Task instructions
Everything from the line with "Bhakti Golden Layered" to the end of the material is to be retyped exactly, both ends included, and nothing else.

Available data
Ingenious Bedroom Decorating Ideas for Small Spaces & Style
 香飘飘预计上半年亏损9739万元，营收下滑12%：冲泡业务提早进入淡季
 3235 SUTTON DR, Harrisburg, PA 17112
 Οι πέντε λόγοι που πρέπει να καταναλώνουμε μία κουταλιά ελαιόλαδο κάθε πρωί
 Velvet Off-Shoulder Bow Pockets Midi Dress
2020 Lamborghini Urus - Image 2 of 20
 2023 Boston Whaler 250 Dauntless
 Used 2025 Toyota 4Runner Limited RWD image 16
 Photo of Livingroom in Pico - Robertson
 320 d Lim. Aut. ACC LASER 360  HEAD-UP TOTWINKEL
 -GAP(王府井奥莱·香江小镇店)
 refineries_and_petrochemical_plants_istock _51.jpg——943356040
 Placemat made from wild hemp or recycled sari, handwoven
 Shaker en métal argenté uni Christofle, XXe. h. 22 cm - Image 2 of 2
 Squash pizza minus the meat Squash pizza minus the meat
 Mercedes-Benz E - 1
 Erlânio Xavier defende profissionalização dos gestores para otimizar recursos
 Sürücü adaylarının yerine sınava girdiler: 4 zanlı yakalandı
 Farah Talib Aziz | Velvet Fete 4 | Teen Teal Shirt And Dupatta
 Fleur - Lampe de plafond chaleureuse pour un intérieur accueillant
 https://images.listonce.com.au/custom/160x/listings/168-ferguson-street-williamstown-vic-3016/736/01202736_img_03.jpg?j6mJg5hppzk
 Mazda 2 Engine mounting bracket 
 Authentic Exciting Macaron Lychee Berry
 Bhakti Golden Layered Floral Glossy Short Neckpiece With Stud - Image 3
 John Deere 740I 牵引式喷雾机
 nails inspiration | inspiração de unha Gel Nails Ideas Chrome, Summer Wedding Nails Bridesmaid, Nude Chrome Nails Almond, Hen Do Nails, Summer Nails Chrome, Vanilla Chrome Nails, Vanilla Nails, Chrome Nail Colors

Output of the task
 Bhakti Golden Layered Floral Glossy Short Neckpiece With Stud - Image 3
 John Deere 740I 牵引式喷雾机
 nails inspiration | inspiração de unha Gel Nails Ideas Chrome, Summer Wedding Nails Bridesmaid, Nude Chrome Nails Almond, Hen Do Nails, Summer Nails Chrome, Vanilla Chrome Nails, Vanilla Nails, Chrome Nail Colors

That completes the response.